Fantastyczny, elektryzujący film. Ogromną zaletą jest tutaj potraktowanie obu przeciwników na równi. Wydarzenia oglądamy po połowie z perspektywy Amerykanów, po połowie z perspektywy Niemców. I żadna ze stron nie jest faforyzowana. Po prostu mistrzowko sfilmowany pojedynek dwóch okrętów. Wspaniała rola Jurgensa. Nic, tylko się rozkoszować. Zwłaszcza że niektóre sceny przypominają wręcz te z "Das Boota".
dobry film;
obejrzałem go przed laty , jeszcze zanim powstał "das boot",
ponowne obejrzenie i mam jeszcze lepsze zdanie o nim;
życiowa rola Mitchuma
Uwielbiam Mitchuma i nie mogę się zgodzić, że to jego najlepsza rola. Gra tu bardzo dobrze, ale to, co zrobił choćby w "Człowieku z przeszłością", a szczególnie w "Przylądku strachu" i "Nocy myśliwego" to jest dopiero prawdziwe mistrzostwo.
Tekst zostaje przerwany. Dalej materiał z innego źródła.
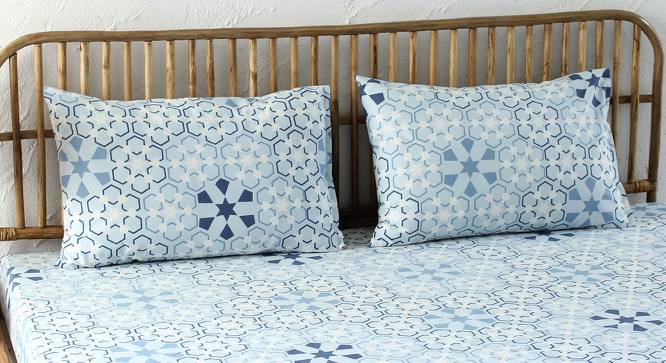 Alfre Bedsheet Set (Blue, Single Size, Regular Bedsheet Type) by Urban Ladder - Front View Design 1 - 420841
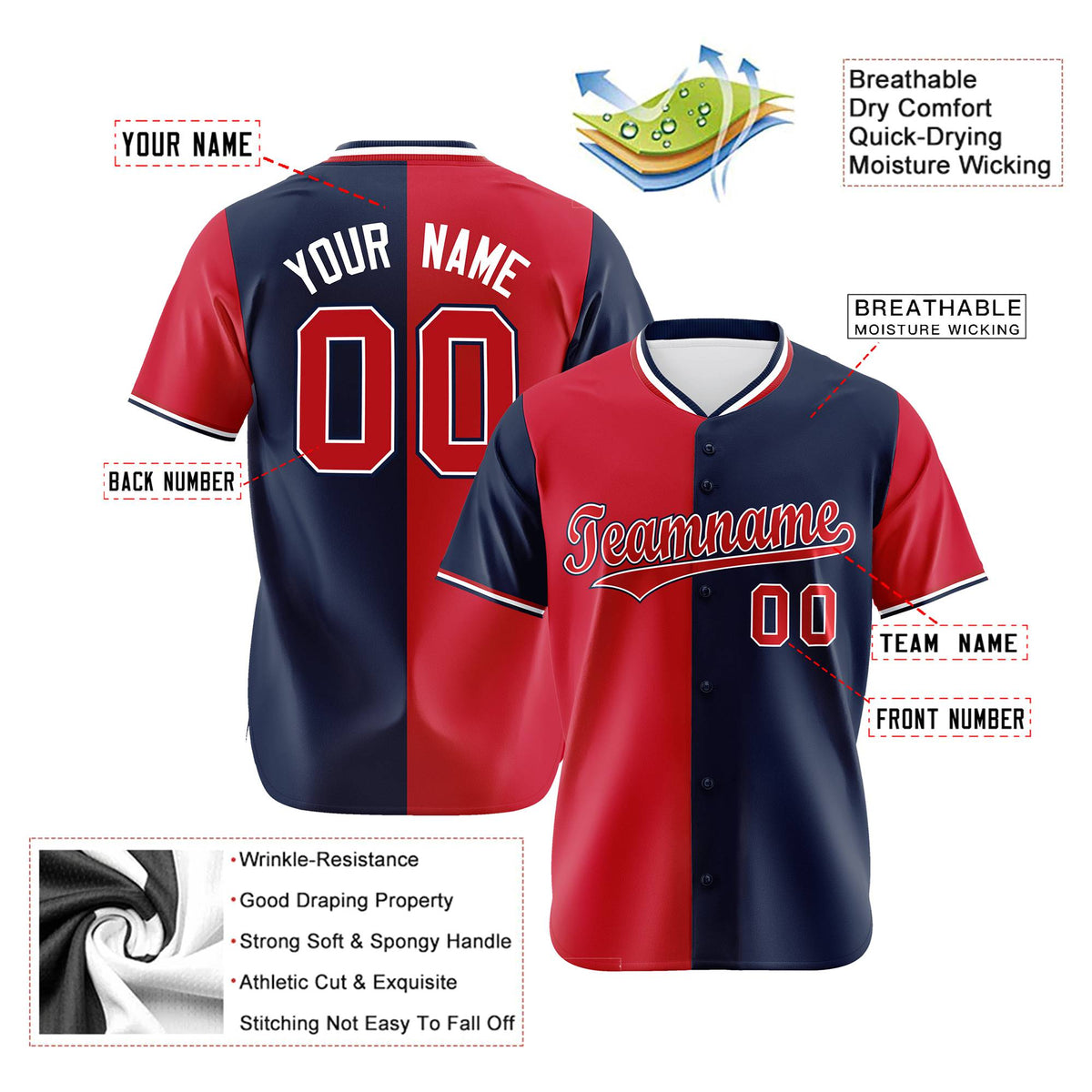 Custom Red Navy Authentic Split Fashion Baseball Jersey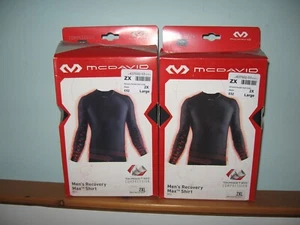 BNIB TWO 2 MENS McDAVID RECOVERY MAX COMPRESSION BASELAYER L/S SHIRTS 2XL BLACK - Picture 1 of 16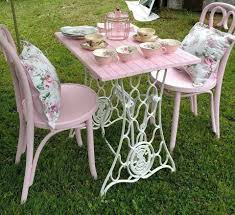 Pin By Kitchen Fun With My 3 Sons On Country Chic Outdoor Areas Tea Party S Summer House Living Shabby Chic Furniture Chic Decor Sewing Table Repurpose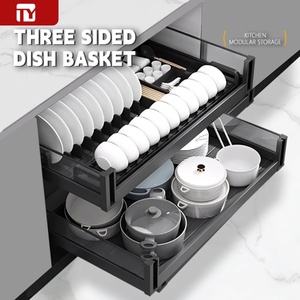 Modern Stainless Steel Dish Rack Drawer <b>Basket</b> with <b>Soft</b> Close Eco-Friendly Multi-Function Kitchen Cabinet Organizer 2-Shelf - Product Image 1
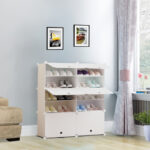 4-SOGA 5 Tier 2 Column White Shoe Rack Organizer Sneaker Footwear Storage Stackable Stand Cabinet Portable Wardrobe with Cover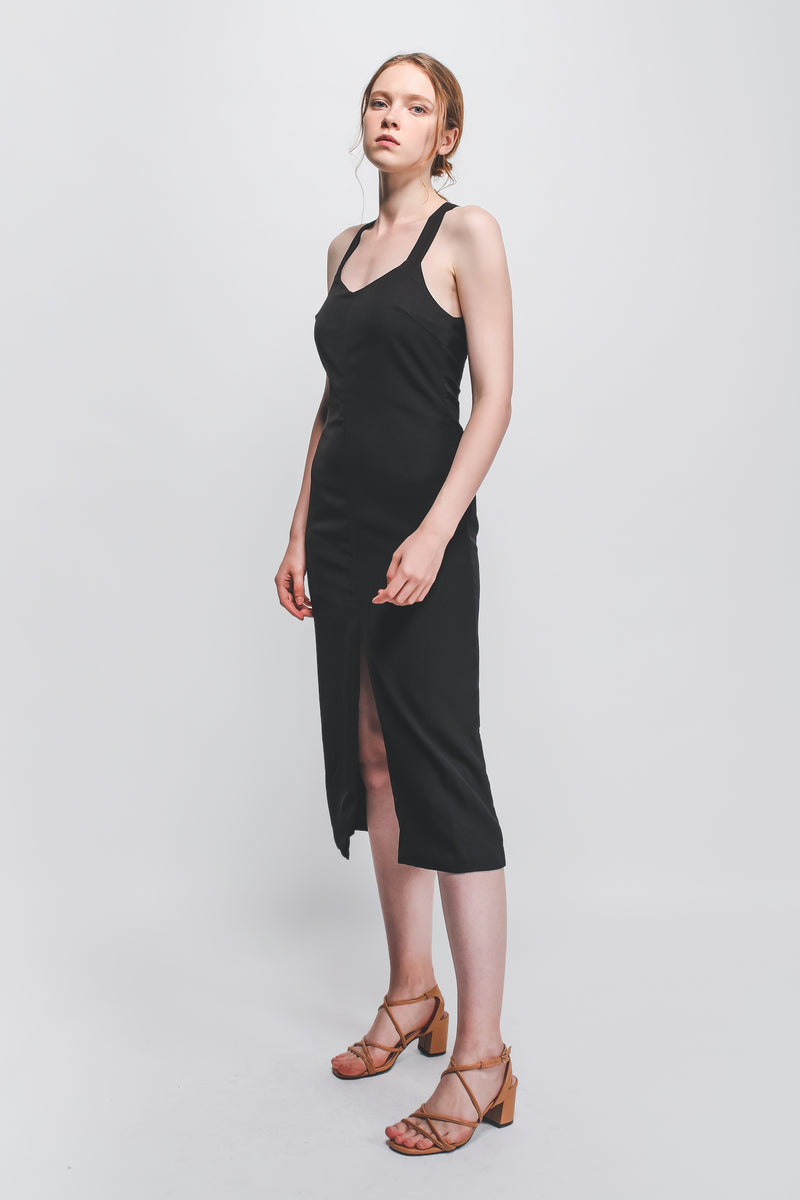 Halter-Neck Midi Dress W Front Slit In Black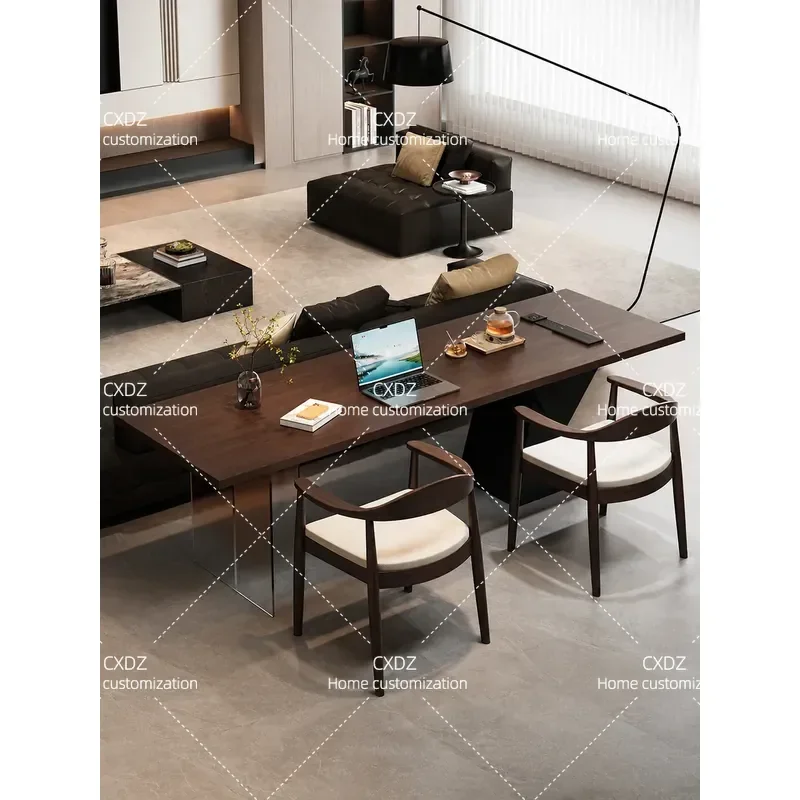 Ji Free Horizontal Hall Sofa Back Long Table Italian Minimalist Living Room Large Long Desk Solid Wood Desk Home Workbench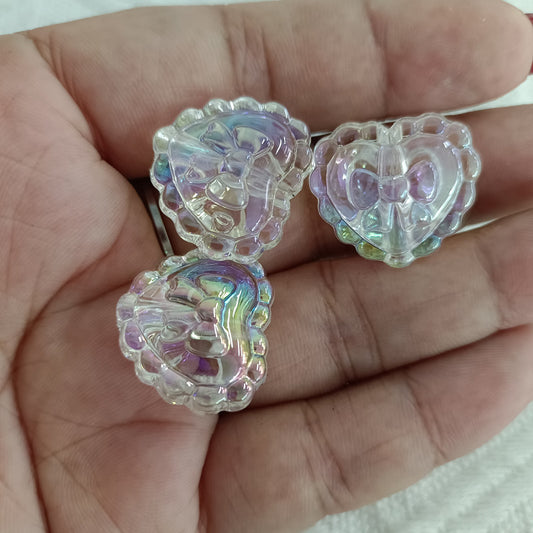 Transparent UV Plating Bow Heart Acrylic Beads 22mm 100pcs 2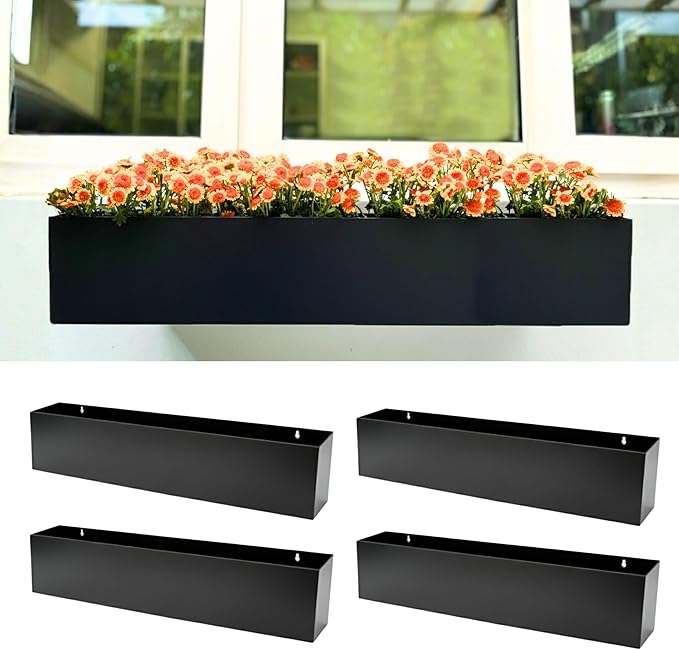 LaLaGreen Wall Planters for Outdoor Plants (30 Inch, 4 Pack) Carbon Steel Black Metal Hanging Flower Pots Outdoor for Succulents, Wall Mount Rectangular Long Window Sill Box Fence Deck Garden Decor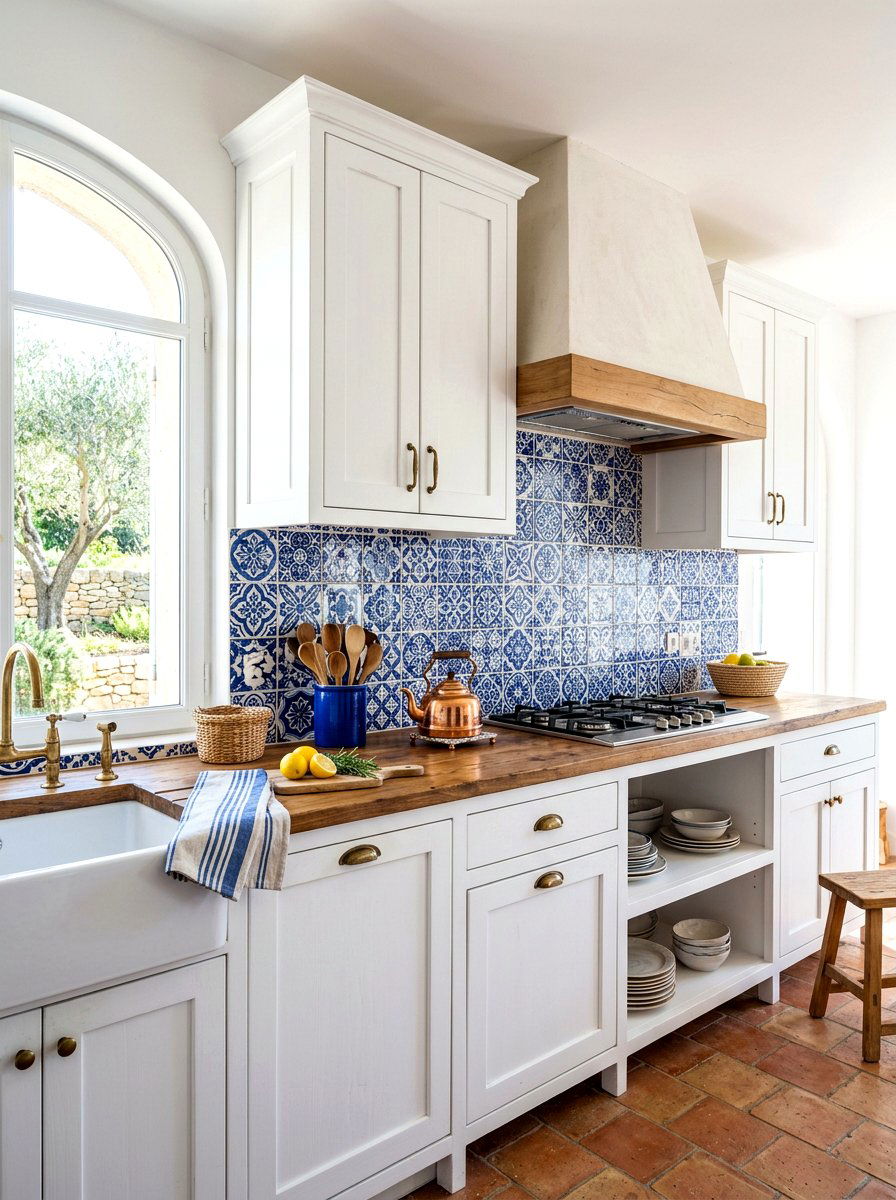 Blue And White Tile Backsplash - 30 Paris cafe kitchen ideas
Pod względem realizmu, gry aktorów(pomijam Jurgensa, który zagrał tu z prawdziwym zaangażowaniem) i klimatu, który jest w takim filmie najważniejszy, niestety Podwodny wróg to zupełnie niższa kategoria jakościowa w porównaniu z Das Boot, który jest kompletnym arcydziełem kina wojennego.